Samir: «Die Filmbranche einigte sich darauf, dass für die Zukunft ein unabhängiges Filminstitut für die Filmförderung zuständig sein sollte, um die Filmproduktion von der Politik zu lösen. Ähnlich wie das CNC in Frankreich. Nach dem Abgang von Pascal Couchpin kamen wir dem Ziel eines unabhängigen Filminstitut näher. Unter anderem, weil für den freisinnigen Bundesrat Didier Burkhalter die Eigenverantwortung der Filmbranche einsichtig war. Doch leider ging er zu früh, und mit dem Sozialisten Alain Berset wurde die staatliche Kontrolle der Kultur wieder verstärkt…»

Das ist jetzt aber eine lange Geschichtsstunde...
Samir: «Ok. Aber nur so ist verständlich, weshalb die Administration immer grösser wurde. Es wurden immer mehr neue Filmförderbereiche geschaffen und auch der Anschluss an Europa kostete immer mehr. Logischerweise wurde die Kontrolle der Einreichungen immer stärker und auch die Ablieferung der Abrechnungen wurde immer mehr verstärkt. Dafür mussten immer mehr Leute angestellt werden. So erklärt sich, weshalb die reine Filmförderung nicht mal mehr die Hälfte des BAK-Budget ausmacht.»

Warum hat sich die Filmbranche in Abhängigkeit der staatlichen Förderung begeben und nicht nach anderen Geldquellen für eure Filme gesucht?
Samir: «Sicher, wir leben im reichsten Land der Welt. Und die Reichen geben ungeheuer viel Geld für Kunst aus. Die Schweiz ist der drittgrösste Markt für Kunst. Doch Film hat für diese Menschen immer noch etwas Populistisches, weil Filme erst an der Schnittstelle zwischen Kultur und Kommerz gesehen werden: im Kino, in TV-Sender, in Streameningdienste, sogar auf dem Handy. Da kann man sich als reicher, gebildeter Menschen nicht repräsentieren, wie in einer Galerie oder Museum. Und einen Film kannst du schon gar nicht an deine Wand hängen als Wertanlage…»

Wie steht es in Ihrer Erfahrung um private Geldgeber in der Schweiz?
Samir: «In meinen 40 Jahren als Produzent und nach hundert Filmen kann ich an einer Hand Leute als Mäzene zählen.
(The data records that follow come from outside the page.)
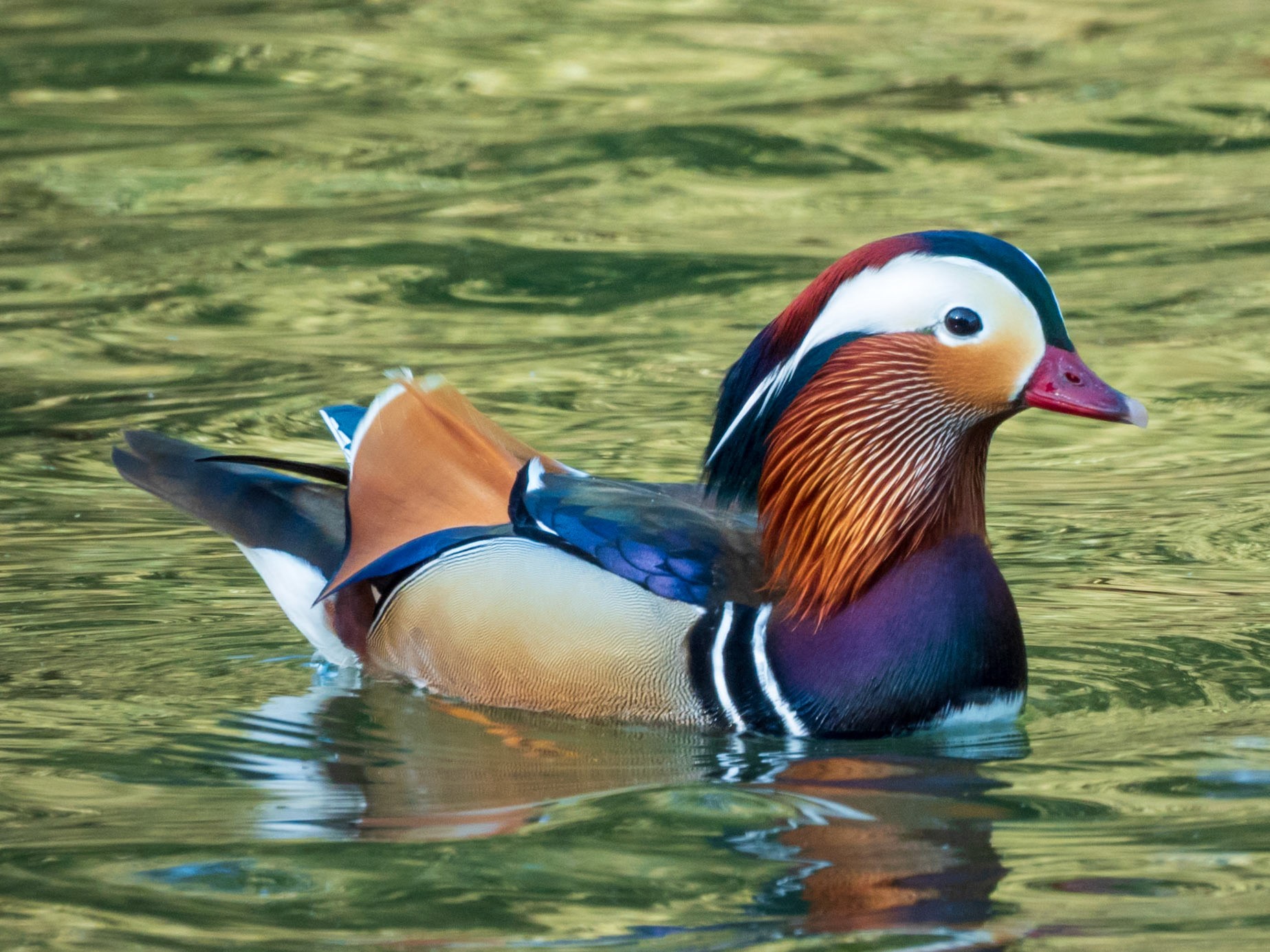 Mandarin Duck, Bois de Boulogne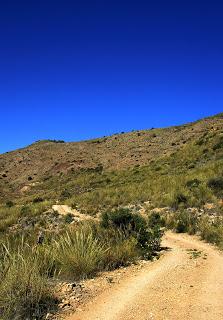 Las minas de hierro del Cabezo del Charco.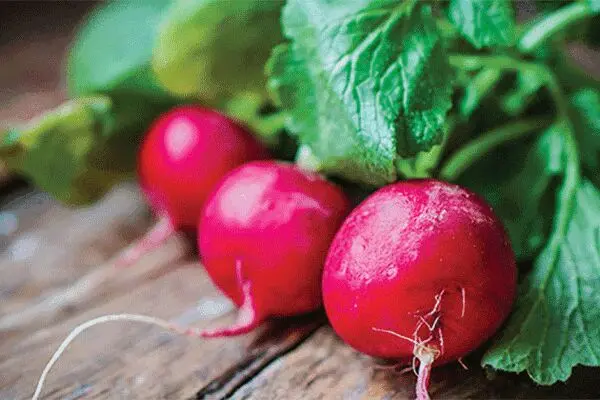 این سبزی اشتهایتان را سرکوب می‌کند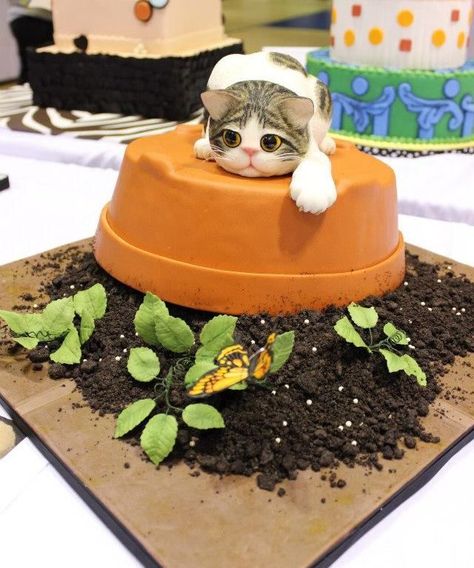 Kitten Cake, Animal Cakes, Cat Cake, Crazy Cakes, Unique Cakes, Novelty Cakes, Gorgeous Cakes, Occasion Cakes, Fancy Cakes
Und noch nie wurde ein Film vollständig durch Sponsoren oder Mäzene finanziert. Und zum Schluss, wir haben mit den TV-Sendern und nun auch mit den Streamern Abkommen geschaffen, damit unsere Filme auch von diesen Möglichkeiten profitieren können. Aber es versteht sich von selbst, dass diese Financiers ihren Stil und ihre Vorstellungen durchsetzen und nicht künstlerisch anspruchsvolle Filme finanzieren wollen.»